This patch set adds the ability to use unaligned chunks in the XDP
umem.
Currently, all chunk addresses passed to the umem are masked to be
chunk
size aligned (default is 2k, max is PAGE_SIZE). This limits where we
can
place chunks within the umem as well as limiting the packet sizes
that are
supported.
The changes in this patch set removes these restrictions, allowing
XDP to
be more flexible in where it can place a chunk within a umem. By
relaxing
where the chunks can be placed, it allows us to use an arbitrary
buffer
size and place that wherever we have a free address in the umem.
These
changes add the ability to support arbitrary frame sizes up to 4k
(PAGE_SIZE) and make it easy to integrate with other existing
frameworks
that have their own memory management systems, such as DPDK.
Since we are now dealing with arbitrary frame sizes, we need also
need to
update how we pass around addresses. Currently, the addresses can
simply be
masked to 2k to get back to the original address. This becomes less
trivial
when using frame sizes that are not a 'power of 2' size. This patch
set
modifies the Rx/Tx descriptor format to use the upper 16-bits of the
addr
field for an offset value, leaving the lower 48-bits for the address
(this
leaves us with 256 Terabytes, which should be enough!).

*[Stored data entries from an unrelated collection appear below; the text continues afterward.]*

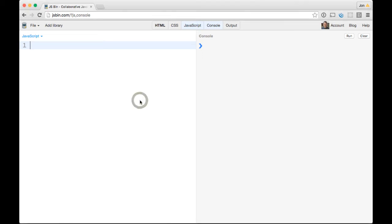In our final video of this series we are going to talk about proxies. Proxies are really cool and really powerful. Basically they allow you to handle overrides or custom behavior for all the basic operations you would do on an object — like when you try to access a key, when you try to set a key, when you try to enumerate, all sorts of things like that. They allow you to tap in and make custom handlers for when you're working with an object.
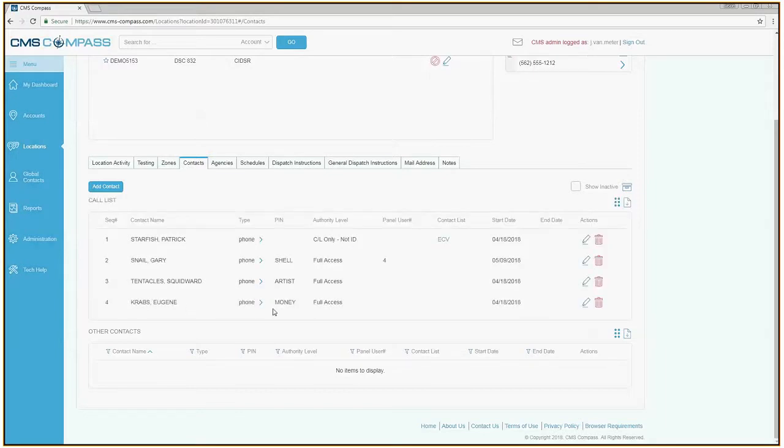If you wish to update an existing contact, click the pencil to the far right.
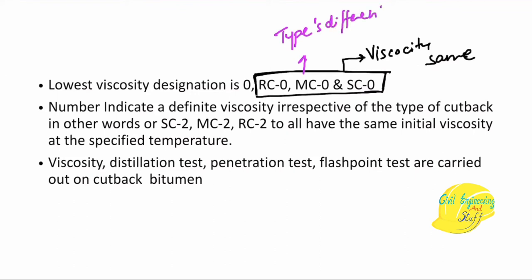So we have three types of cutback bitumen — rapid curing, medium curing, and slow curing — representing the rate at which the volatile material evaporates. Certain tests are conducted on cutback bitumen to study their properties: viscosity test, distillation test, perdition test, and flashpoint test.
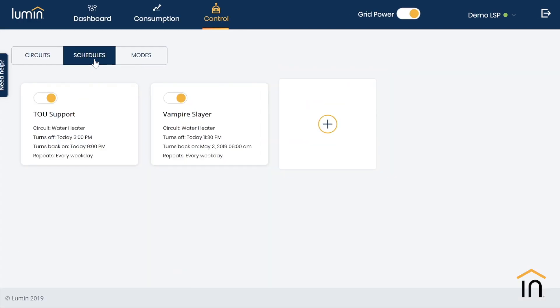We also have the ability to create schedules to more effectively eliminate standby loads, conserve energy usage during peak time-of-use periods, or many other user preferences.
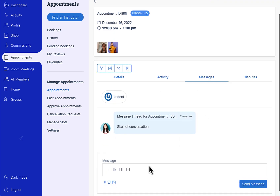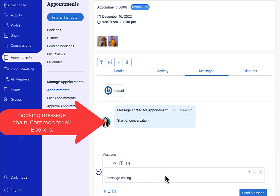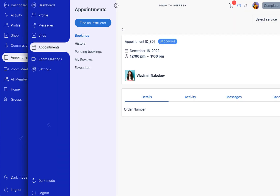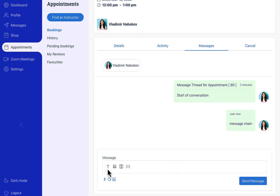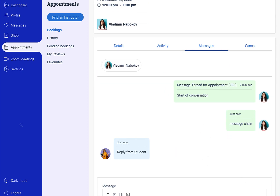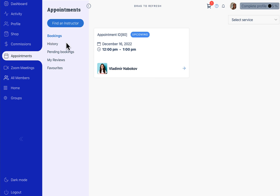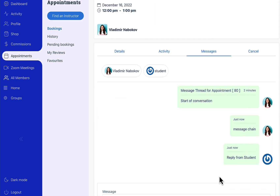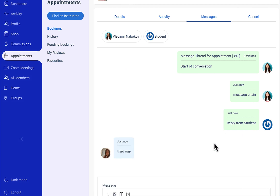Now when the instructor goes to the appointment section, you will see that there are two students who have booked this appointment. The message chain is shared across all the users of the booking to communicate what is happening. You can see that there are already two users interacting in the appointment bookings.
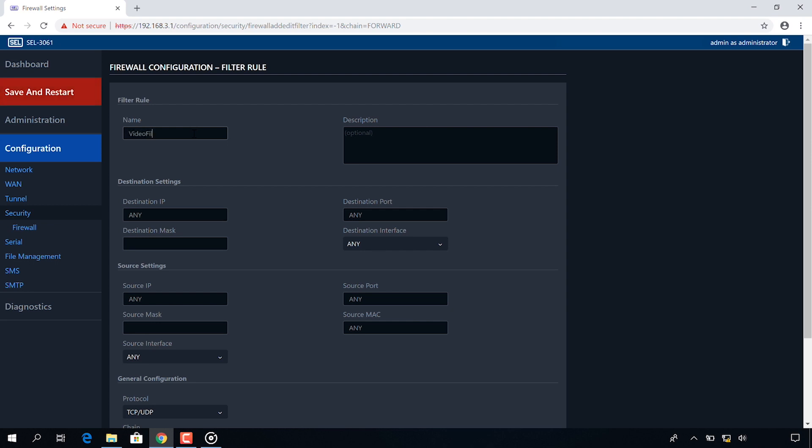So in the destination settings I'm going to configure my destination IPs to be my side B LAN IP address. My destination mask is going to be 24 and my destination port will be any and my interface will be any.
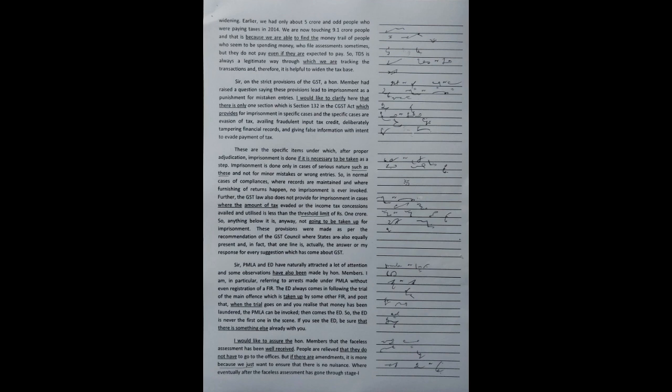So, anything below it is anyway not going to be taken up for imprisonment. These provisions were made as per the recommendation of the GST Council, where the states are also equally present and, in fact, that one line is actually the answer or my response for every suggestion which has come about GST.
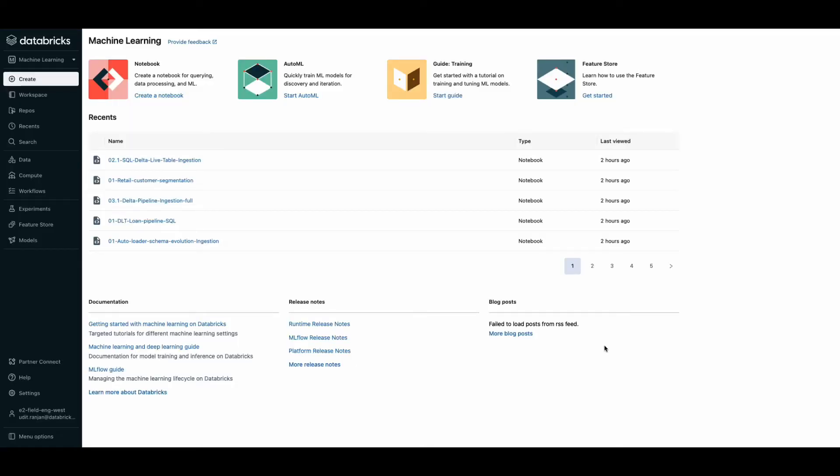Hello and welcome to Databricks. Today we are going to see how quick and easy it is to create a table using Databricks SQL.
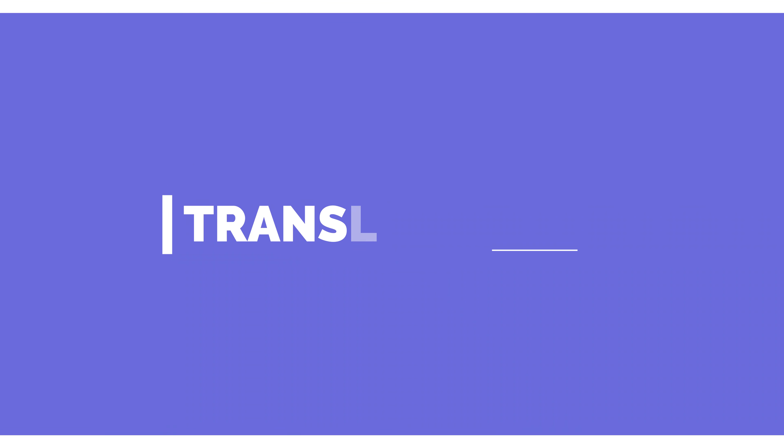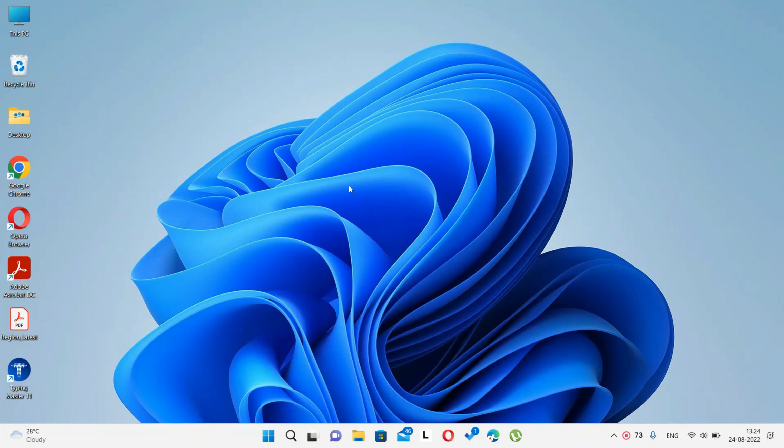Hello everyone, welcome back to InfoMinutes. In this video, we're going to see how to translate a web page. Before we get into the video, don't forget to subscribe to our channel.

We only need
to use
the upper 16-bits to store the offset when running in unaligned
mode.
Rather than adding the offset (headroom etc) to the address, we will
store
it in the upper 16-bits of the address field. This way, we can
easily add
the offset to the address where we need it, using some bit
manipulation and
addition, and we can also easily get the original address wherever
we need
it (for example in i40e_zca_free) by simply masking to get the lower
48-bits of the address field.
The numbers below were recorded with the following set up:
- Intel(R) Xeon(R) Gold 6140 CPU @ 2.30GHz
- Intel Corporation Ethernet Controller XXV710 for 25GbE SFP28
(rev 02)
- Driver: i40e
- Application: xdpsock with l2fwd (single interface)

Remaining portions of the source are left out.